Con la fine dell’”atlantismo”, ovvero di uno status quo sotto l’ègida americana, riaffiorano in Germania molte cose che da decenni sembravano sepolte per sempre. Rientrano in questa prospettiva la… riscoperta dell’Asia e l’attivo sostegno allo sviluppo del ramo più settentrionale della “Nuova Via della Seta” che la Cina sta promuovendo e finanziando. Quello che si prospetta è un ridisegno delle relazioni internazionali promettente ma non semplice. Dal suo grande progetto di riapertura dell’antico itinerario terrestre e mediterraneo euro-asiatico, che le potenze nordtlantiche avevano da secoli spinto ai margini, la Cina pretende di lasciar fuori l’India.
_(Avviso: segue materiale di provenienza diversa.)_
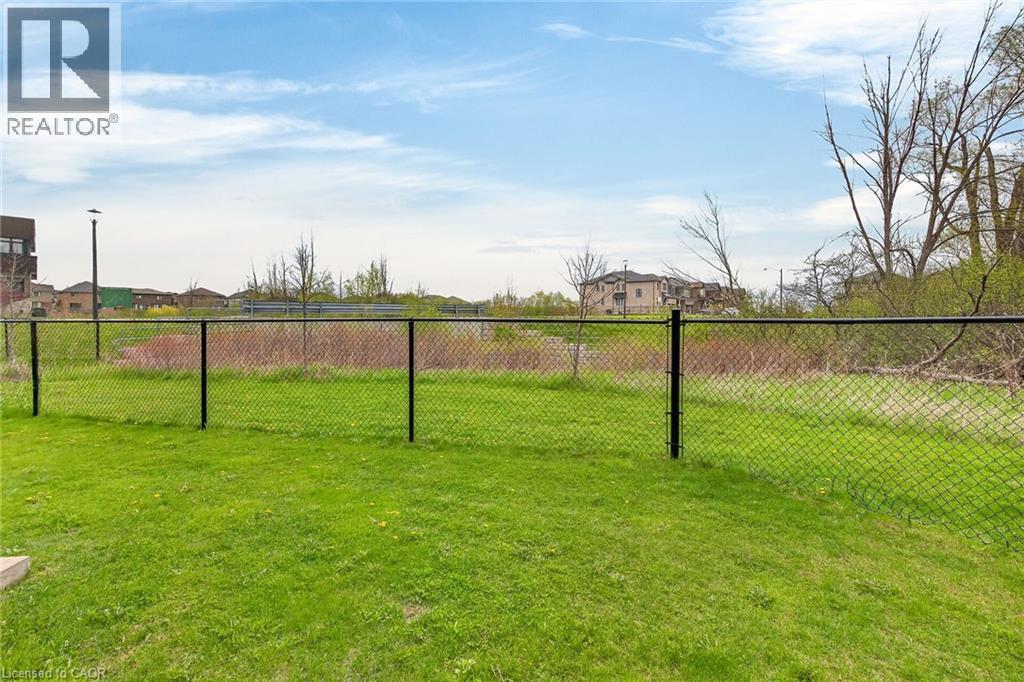 35 MIDHURST Heights Unit# 33, Stoney Creek, Ontario, L8J0K9 — Photo 16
E’ dell’altro ieri l’incontro a Berlino della cancelliera Merkel con il primo ministro indiano Narendra Modi, venuto a ricordare che in questi nuovi scenari si deve tener conto anche dell’India. Condizionata dall’ambientalismo “verde”, che in Germania è forte  (e sempre pronto a riemergere anche politicamente), la cancelliera mira ad arrivare al G20 di Amburgo potendo schierare contro Trump pure la Cina e l’India in difesa degli accordi sul clima siglati a Parigi nel 2015. Sono accordi in realtà piuttosto vaghi e di incerta attuazione, che Cina e India hanno firmato soprattutto per non fare la parte dei “cattivi”.  Sia per gli Usa di Trump schierati contro che per gli altri schierati a favore gli accordi di Parigi sono in primo luogo una bandiera da sventolare per motivi che li eccedono. C’è dunque il rischio che da un parte e dall’altra ad Amburgo si faccia una battaglia sul nulla.

Resta il fatto tuttavia che siamo entrati in una stagione di riorganizzazione delle forze in sede sia europea che mondiale. Una stagione in cui anche il nostro Paese avrebbe tutto l’interesse a fare attivamente la propria parte a tutela del suo spazio in Europa e nel Mediterraneo; a proprio nome ma anche per  conto dei Paesi adriatici e danubiani,. L’Italia invece non dice nulla. Il dibattito sulla nuova legge elettorale, e sulle elezioni anticipate o meno, assorbe tutte le energie del suo ceto politico.  Non c’è tempo per altro.